I never played 5th Edition and my grasp of those rules is pretty much non-existent. However, for 6th Edition, here's a couple of options from least complex (or at least, requiring less core rules changes) to most.
1. Every X rating of Armor adds +1 dice to damage resistance dice pool
This is basically bone density/bone lacing on steroids. Let's do the Min/Max Math(TM):
If I wanted to go all out, I could get six obvious "limbs" worth of armor; skull, torso, arms, and legs. That's 4+10+(2*15)+(2*20) capacity, for a total of 84 points of armor at a staggering cost of 420k nuyen. If every 4 points of armor gave us +1 dice pool, this character would have 21 extra damage resist dice, averaging 7 hits to reduce damage before adding body. The trade-off is that they would be virtually useless with Agility and Strength 2 for all actions using the cyberlimbs.
A less extreme example would be a samurai with 4 points of armor in the torso and each arm and leg, for a total of 20. Their Defense Rating would almost always grant them a point of attack, and they would get 5 extra dice to resist damage.

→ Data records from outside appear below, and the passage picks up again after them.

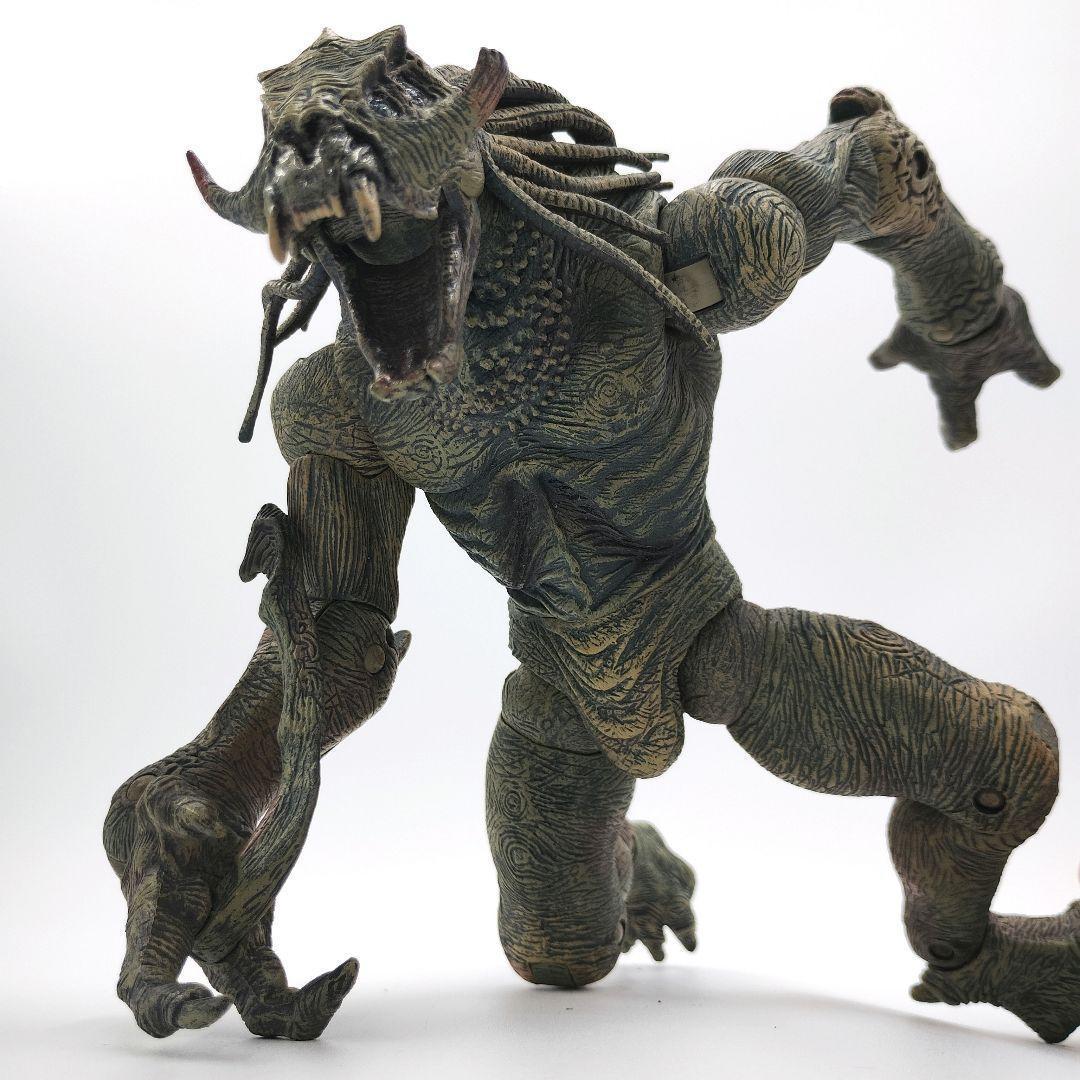 希少✨️Mezco Toyz ヘルボーイ サマエル フィギュア 入手困難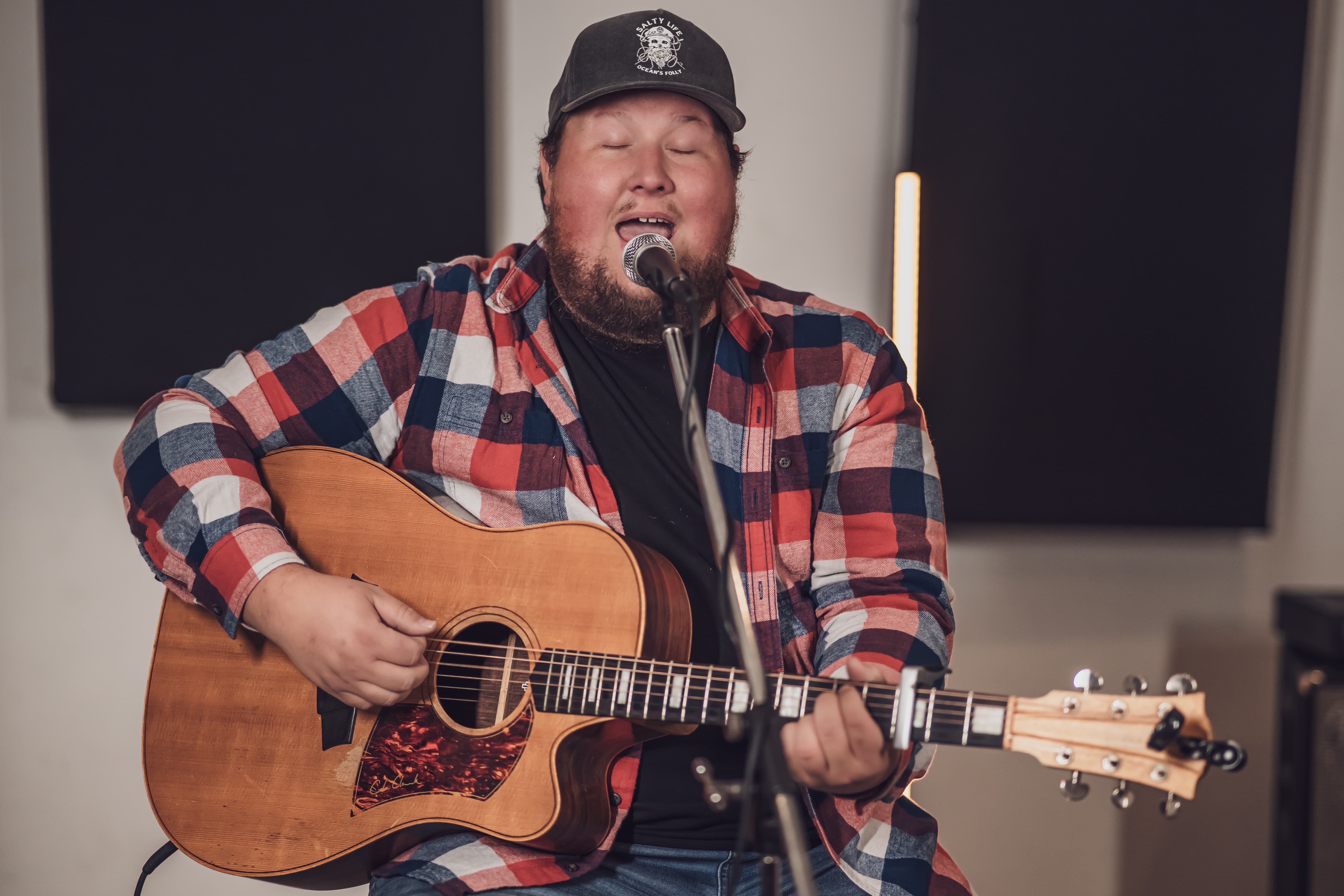 Tom Blake, country singer in Newcastle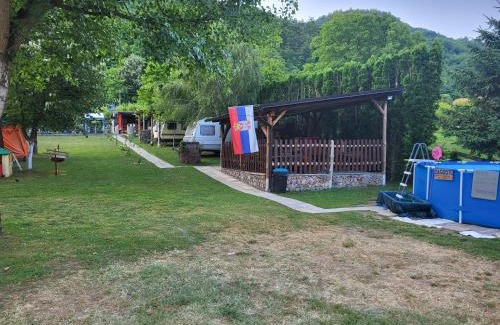 Ljubovija Otro | Kamp prikolica četvorokrevetna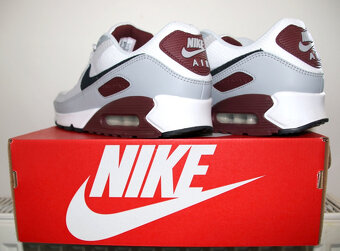 VÝPRODEJ NIKE: AIR MAX 90 VEL 45.5 - 3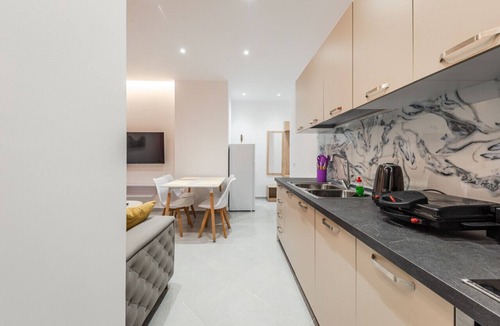 Vlore Apartment | Kondo Stays - Terracotta 2
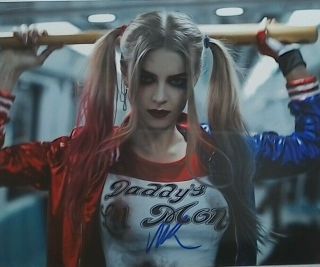 Margot Robbie - Harley Quinn - Signed Autographed 8x10 Photo Suicide Squad W/coa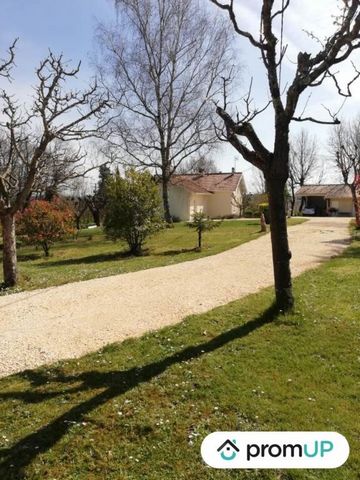 This house of 119 m2 is ideally located in the town of Miramont-de-Guyenne in the department of Lot-et-Garonne. 25 minutes from Marmande, 1 hour from Agen and 1h30 from Bordeaux, you can enjoy all the charm of a typical village of the South-West whil...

However, this comes at the cost of 90k+100k nuyen just for the limbs and armor enhancements, so it doesn't really scale well when considering that Titanium Bone Lacing is 30k nuyen and 1.5 essence for +2 Armour and +2 soak dice, while Bone Density Augmentation R4 is 20k and 1.2 Essence for +4 soak dice but no additional armor. You could play around with every 2 or 3 points adding to armor, but that just means the DM can throw virtually indestructible NPCs at you, as the game mechanics would just break.
This brings us to...
2. Every Rating of Armor adds +1 to Armor and +1 dice to damage resistance, but Armor enhancements are capped at X
By capping how much armor can be added you fix the exponential issue with 84 armor enhancement NPCs, while improving the cost/benefit ratio over cyberlimbs vs bone augs. For example, if armor is capped at 1 you could add +6 dice and +6 armor for 30k if you armored all six limbs (skull, torso, arms, and legs). You still have to spend 90k on all the limbs, though, but you now have a significant boost in both armor and soak without the possible extremes.
If you instead cap at 2 per limb you're looking at +12 armor (which is already quite possible under CRB rules) and +12 soak dice, for 90k + 60k. 12 soak dice has a probability of adding 4 hits to your soak roll, meaning your durability would be significantly increased compared to nearly every other archetype, but at a relatively steep investment cost.
However, if you think this overcorrects, you could instead combine the two approaches and go for...
3. Every Rating of Armor increases Defense Rating by 1, and Rating / 2 (rounded up) adds a dice to damage resistance tests; armor attribute enhancements are capped at 3 per limb
This approach yields the same maximum result of +12 dice to soak, but increases armor by 18 (again, this latter part is completely feasible under core rules). It now costs 90k+120k to gain the maximum advantage of armored cyberlimbs, and you're extremely likely to gain edge on defense tests. I personally think this is a reasonable compromise between cost and benefit.
There is of course another approach...
4. Armor enhancements are capped at 1 per limb, cost is increased to X per enhancements, but now provide Hardened Armor
Limiting to 1 per limb is crucial, I think; with a skull, torso, two arms and two legs up-armored you would auto-soak 6 damage, making you impervious to most small arms fire, and any modified DV less than 6 would do 0 damage. This is a DRAMATIC increase in survivability, as it would basically take explosives or extremely high-net hit assault cannon shots to damage you, so the cost should be equally steep. Maybe make it... 50k per enhancement, for a total of 300k if you wanted the full suite? Adjust to what you think is fair, as long as you realize this can seriously destabilize combat.